The Principle study, led by Oxford University, will compare patients treated with anti-parasitic drug ivermectin against those receiving standard NHS care.
Ivermectin has become controversial after being used to treat Covid in some countries without large studies showing efficacy against the disease.
There is so far “little evidence… to demonstrate that it can speed up recovery from the illness or reduce hospital admission” in large-scale randomised studies, researchers said.
Professor Chris Butler, from Oxford University’s Nuffield Department of Primary Care Health Sciences, said the study will aim to produce “robust” evidence as to its efficacy.
He said: “Ivermectin is readily available globally, has been in wide use for many other infectious conditions so it’s a well-known medicine with a good safety profile, and because of the early promising results in some studies it is already being widely used to treat Covid-19 in several countries.
“By including ivermectin in a large-scale trial like Principle, we hope to generate robust evidence to determine how effective the treatment is against Covid-19, and whether there are benefits or harms associated with its use.”
Ivermectin is the seventh drug to be tested in a wider study of potential Covid treatments.
Over 65s, or those over 18 with certain underlying conditions or shortness of breath, can join the trial up to two weeks after symptoms or a positive test.
Participants will be given a three-day course of treatment and then followed-up for 28 days.
Dr Stephen Griffin Associate Professor at Leeds University School of Medicine, said the Principle trial should provide a “final answer” to questions over ivermectin.
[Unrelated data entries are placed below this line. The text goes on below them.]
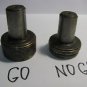 M62x3 7H Thread Plug Gage Gauge GO+NOGO Gewinde-Grenzlehrdorn NEW USSR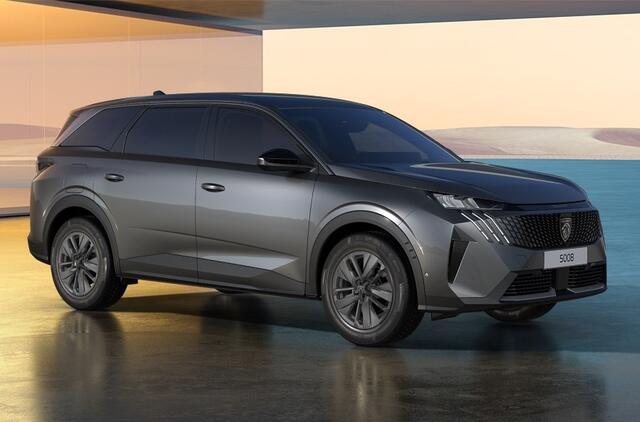 Peugeot 5008 1.2 Hybrid 145 Allure DIRECT RIJDEN - SEAT PACK - 8 JAAR GARANTIE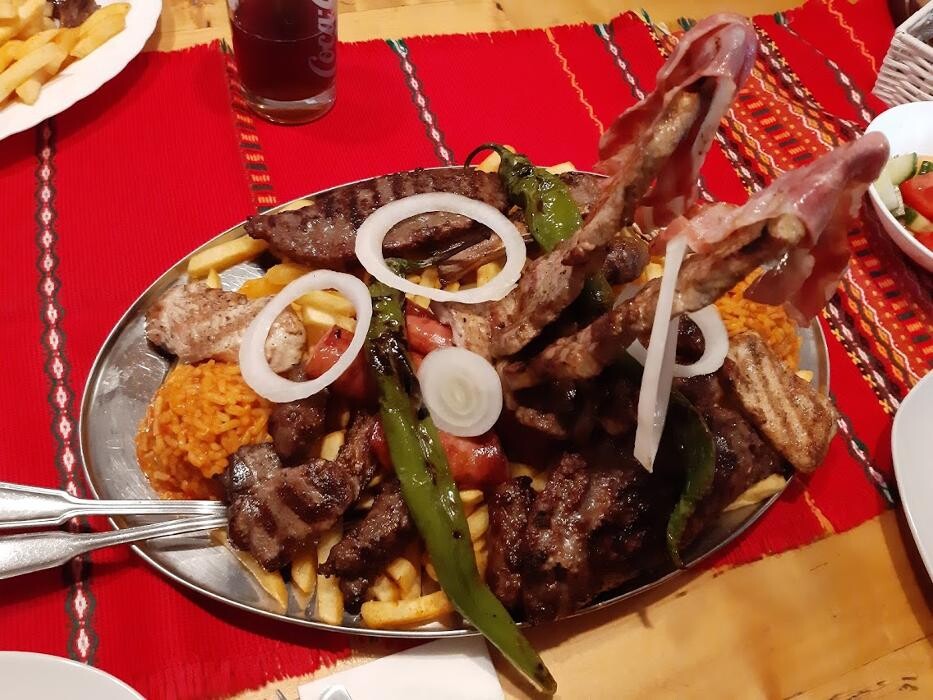 Bilder Restaurant Balkan & Grillhaus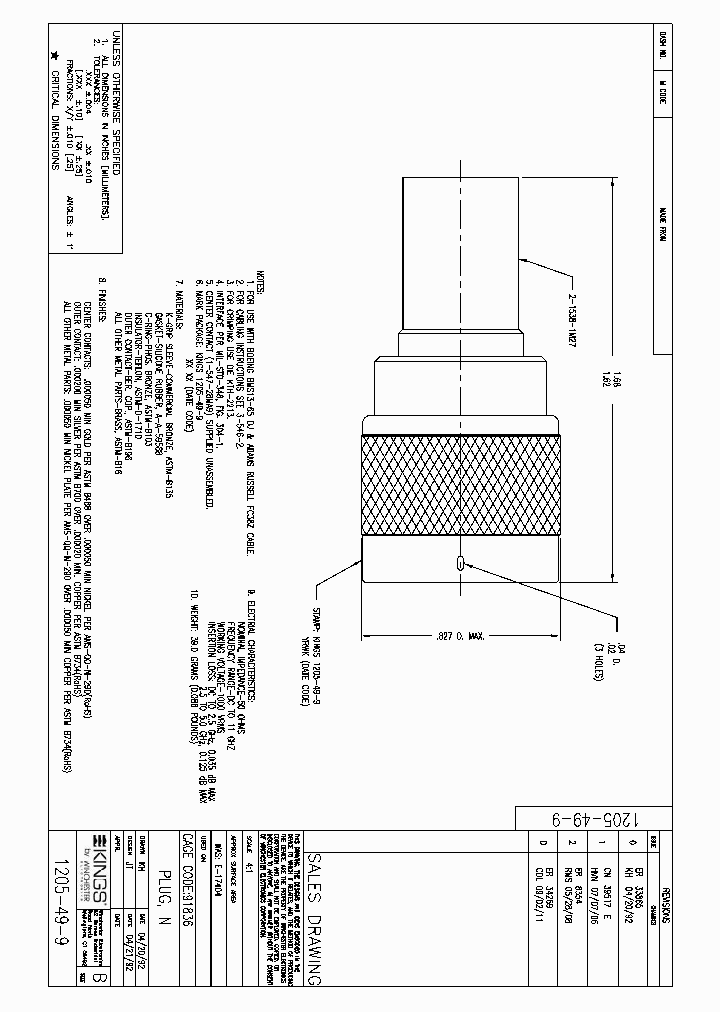 1205-49-9_8331529.PDF Datasheet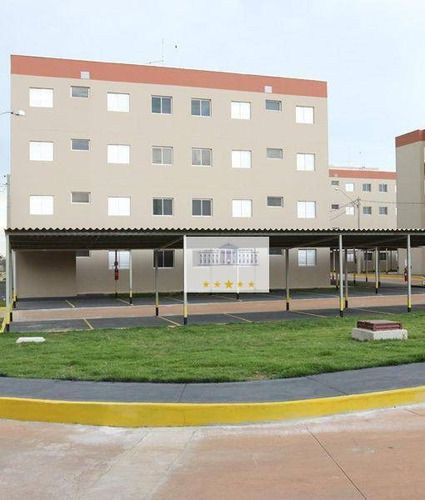 Imagem 18 de 18 de Apartamento Com 2 Dormitórios À Venda, 55 M² Por R$ 120.000,00 - Vila Aeronáutica - Araçatuba/sp - Ap1030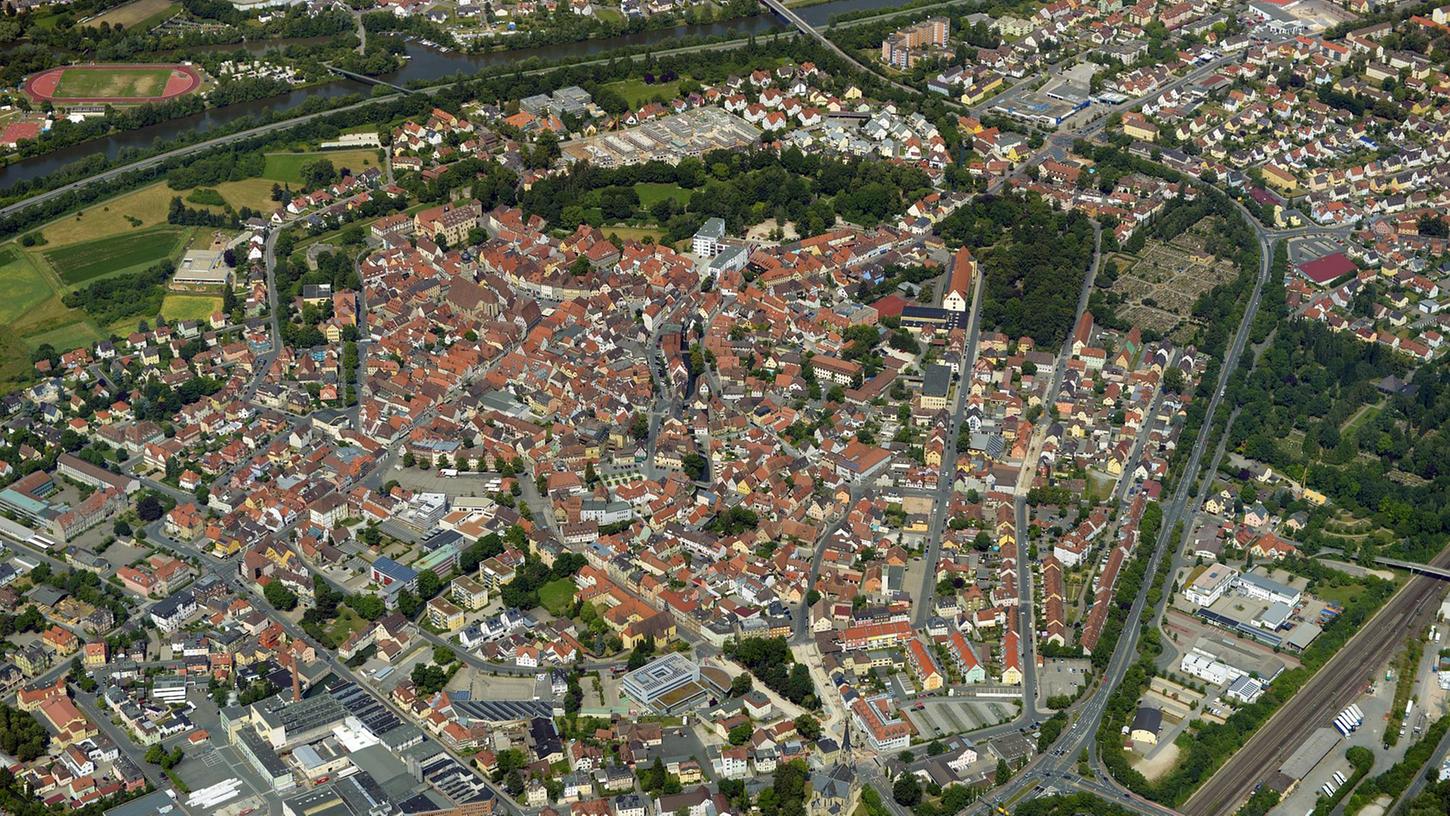 Stadt Forchheim nun offiziell ,Oberzentrum’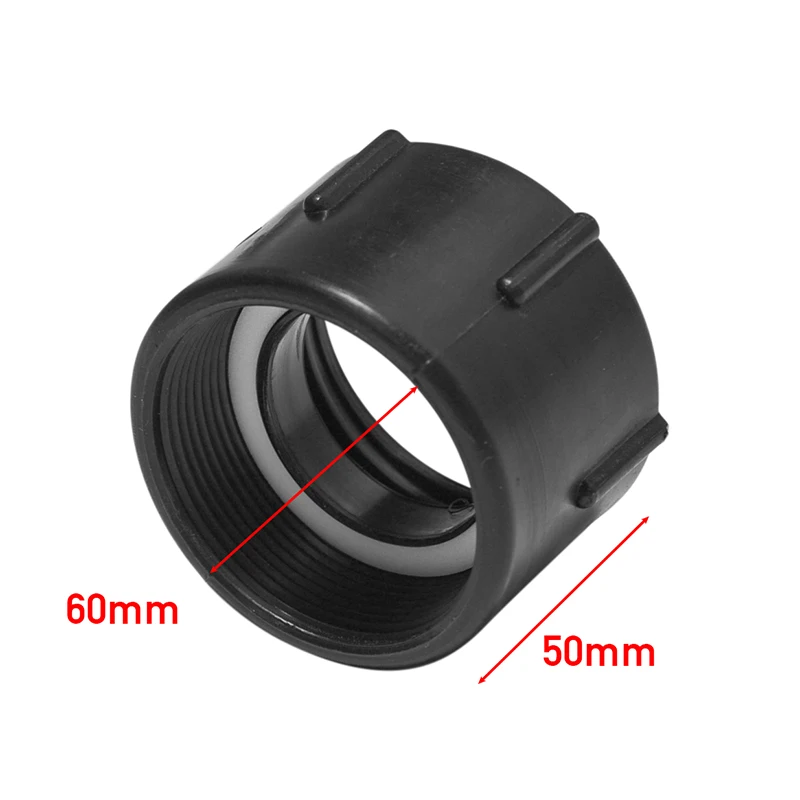 Высококачественный адаптер для резервуара воды IBC от 2 до дюймов водный разъем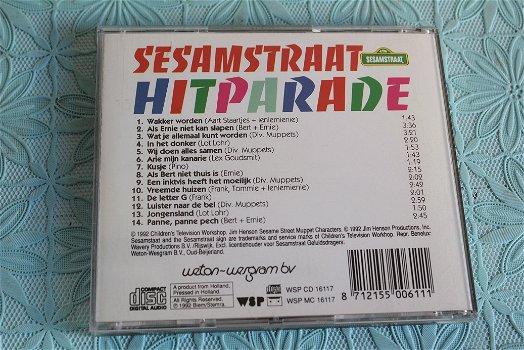 Sesamstraat Hitparade - 1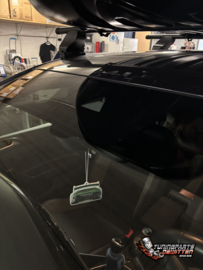 😍😍Zonnebanden voor onze Klanten geplaatst😍😍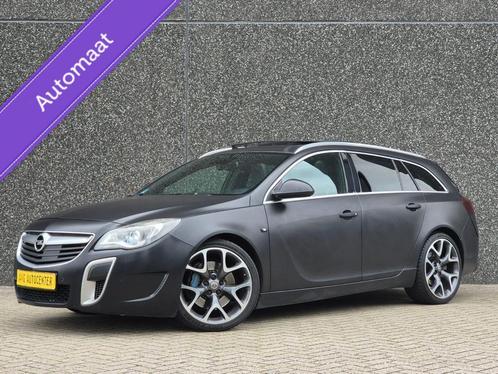 Opel Insignia Tourer 2.8 T OPC 4x4/Recar/Pano/325PK/20''/Vol, Auto's, Opel, Bedrijf, Te koop, Insignia, 4x4, ABS, Airbags, Airconditioning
He cautioned that while the drug has been shown to kill viruses in laboratory petri dishes, this has been in much higher doses than would normally be given to humans.
He said: “There are numerous studies and meta analyses supporting the use of ivermectin for Covid therapy, yet there are no supportive RCTs [randomised controlled trials] and many other small studies showing no benefit, including a recent paper in the Lancet."
A well-conducted RCT would be “welcome to resolve ongoing controversy”, he said, but questioned whether this was justified by current available data.